Structural Attack
Structural attacks.
Runs a number of ‘static’ structural attacks based on: (i) the target model’s properties; (ii) the TRE’s risk appetite as applied to tables and standard regressions.
This module provides the StructuralAttack class, which assesses a trained machine learning model for several common structural vulnerabilities.
These include: - Degrees of freedom risk - k-anonymity violations - Class disclosure - ‘Unnecessary Risk’ caused by hyper-parameters likely to lead to undue model complexity
The methodology is aligned with SACRO-ML’s privacy risk framework.
- class sacroml.attacks.structural_attack.StructuralAttack(output_dir: str = 'outputs', write_report: bool = True, risk_appetite_config: str = 'default')[source]
Structural attacks based on the static structure of a model.
Performs structural privacy risk assessments on trained ML models.
This class implements static structural attacks based on model architecture and hyperparameters, aligned with TRE risk appetite configurations.
Attack pipeline includes: - Equivalence class analysis - Degrees of freedom check - k-anonymity check - Class disclosure risk - Complexity risk
Methods
attack
(target)Check whether an attack can be performed and run the attack.
attackable
(target)Return whether a target can be assessed with StructuralAttack.
Get parameters for this attack.
- classmethod attackable(target: Target) bool [source]
Return whether a target can be assessed with StructuralAttack.
- __init__(output_dir: str = 'outputs', write_report: bool = True, risk_appetite_config: str = 'default') None [source]
Construct an object to execute a structural attack.
- Parameters:
- output_dirstr
Name of a directory to write outputs.
- write_reportbool
Whether to generate a JSON and PDF report.
- risk_appetite_configstr
Path to yaml file specifying TRE risk appetite.
- get_params() dict
Get parameters for this attack.
- Returns:
- paramsdict
Parameter names mapped to their values.
- class sacroml.attacks.structural_attack.StructuralAttackResults(dof_risk: bool, k_anonymity_risk: bool, class_disclosure_risk: bool, lowvals_cd_risk: bool, unnecessary_risk: bool, details: dict | None = None)[source]
Dataclass to store the results of a structural attack.
- Attributes:
- dof_risk (bool)Risk based on degrees of freedom.
- k_anonymity_risk (bool)Risk based on k-anonymity violations.
- class_disclosure_risk (bool)Risk of class label disclosure.
- lowvals_cd_risk (bool)Risk from low-frequency class values.
- unnecessary_risk (bool)Risk due to unnecessarily complex model structure.
- details (dict | None)Optional additional metadata.
- __init__(dof_risk: bool, k_anonymity_risk: bool, class_disclosure_risk: bool, lowvals_cd_risk: bool, unnecessary_risk: bool, details: dict | None = None) None
- class_disclosure_risk: bool
- details: dict | None = None
- dof_risk: bool
- k_anonymity_risk: bool
- lowvals_cd_risk: bool
- unnecessary_risk: bool
- sacroml.attacks.structural_attack.get_model_param_count(model: BaseEstimator) int [source]
Return the number of trained parameters in a model.

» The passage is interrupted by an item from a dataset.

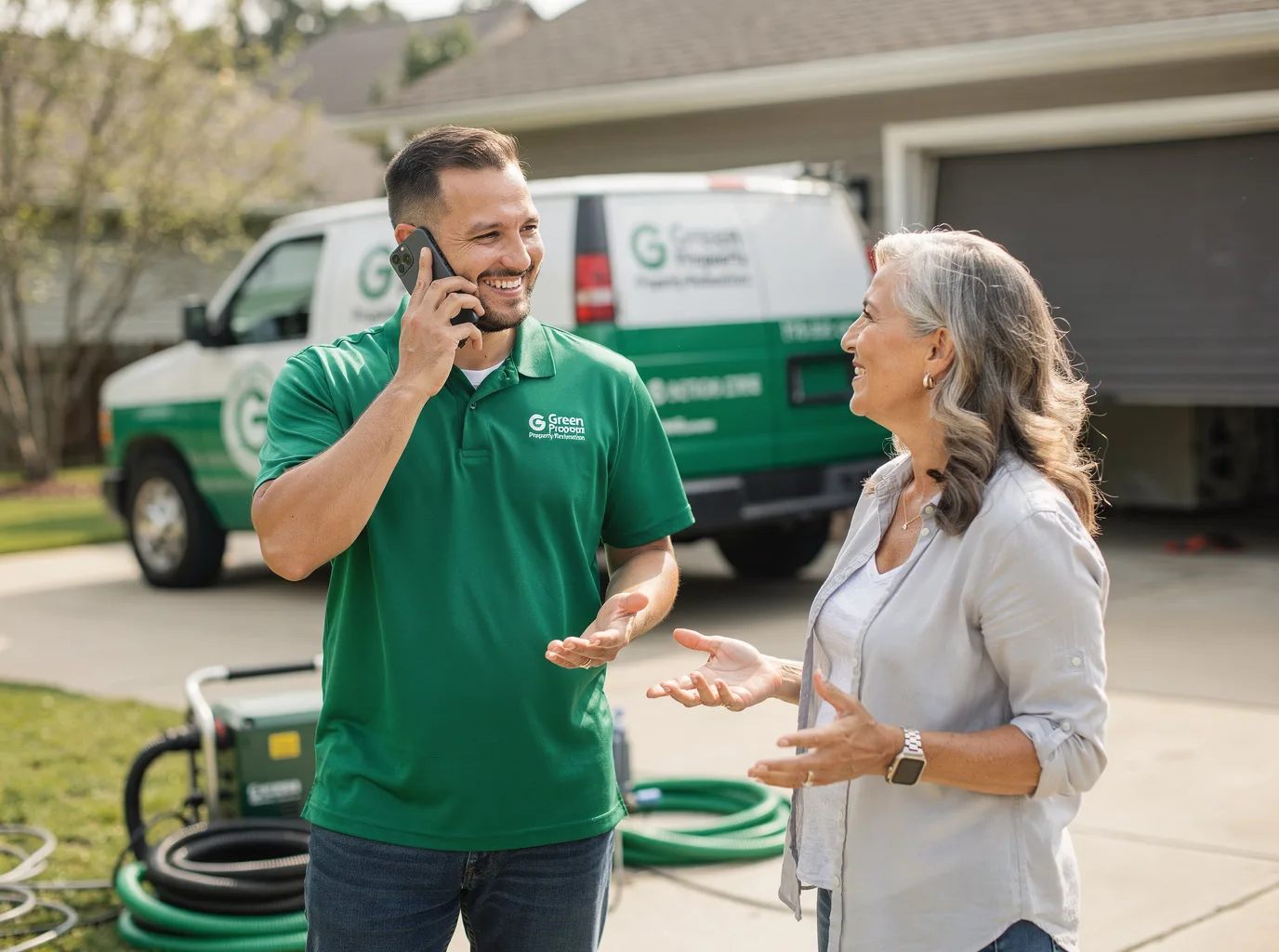 Water Damage Restoration Vienna, OH FAQs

This includes learned weights, thresholds, and decision rules depending on model type. Supports DecisionTree, RandomForest, AdaBoost, XGBoost, and MLP classifiers.
- Parameters:
- model (BaseEstimator)A trained scikit-learn or XGBoost model.
- Returns:
- intEstimated number of learned parameters.
- sacroml.attacks.structural_attack.get_unnecessary_risk(model: BaseEstimator) bool [source]

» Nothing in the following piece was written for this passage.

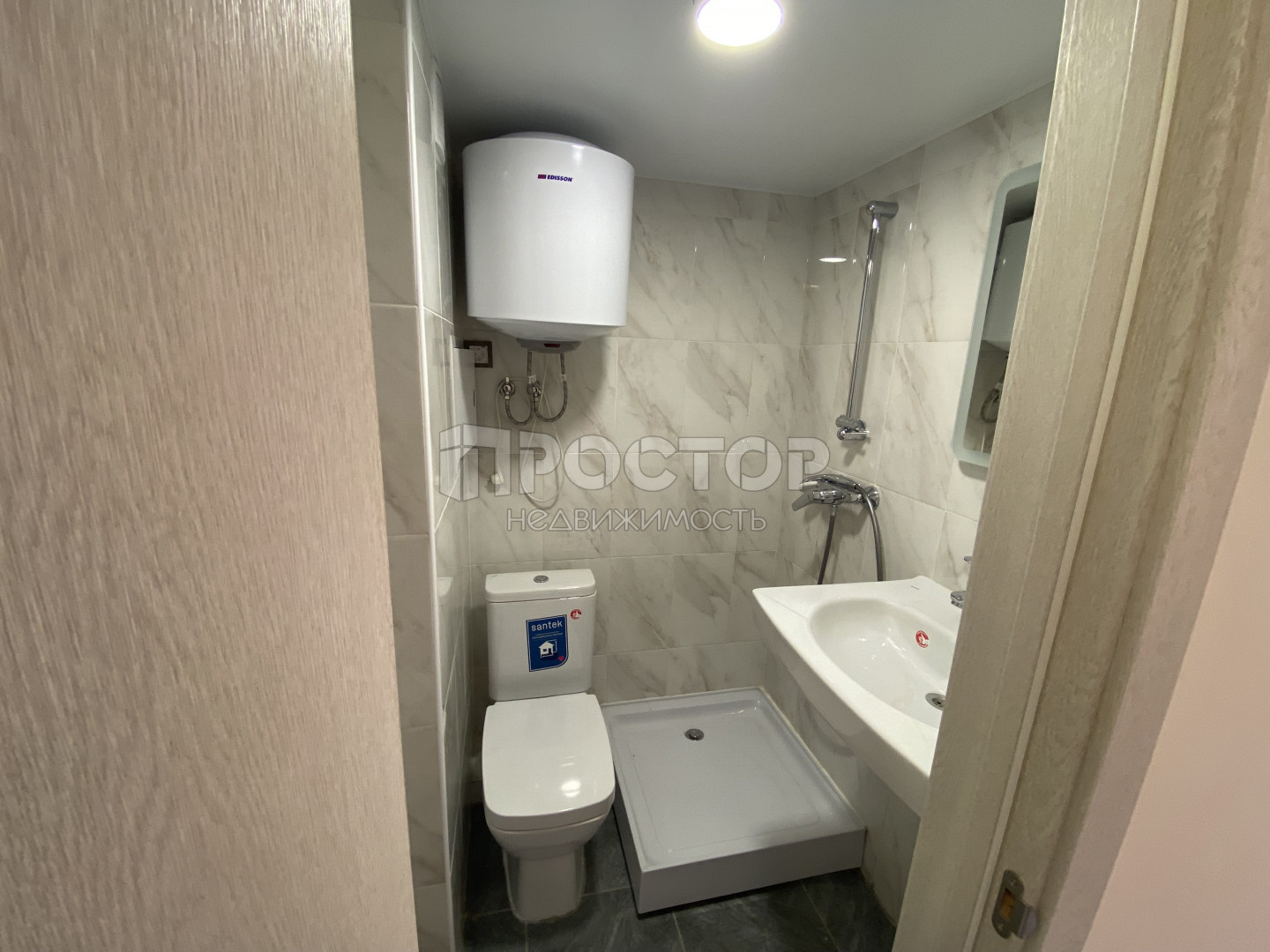 1-комнатная квартира, 11.7 м² - фото 13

Check whether model hyperparameters are in the top 20% most risky.
This check is based on a classifier trained on results from a large scale study described in: https://doi.org/10.48550/arXiv.2502.09396
- Parameters:
- modelBaseEstimator
The trained model to check for risk.
- Returns:
- bool
True if the model’s hyperparameters are considered high risk, otherwise False.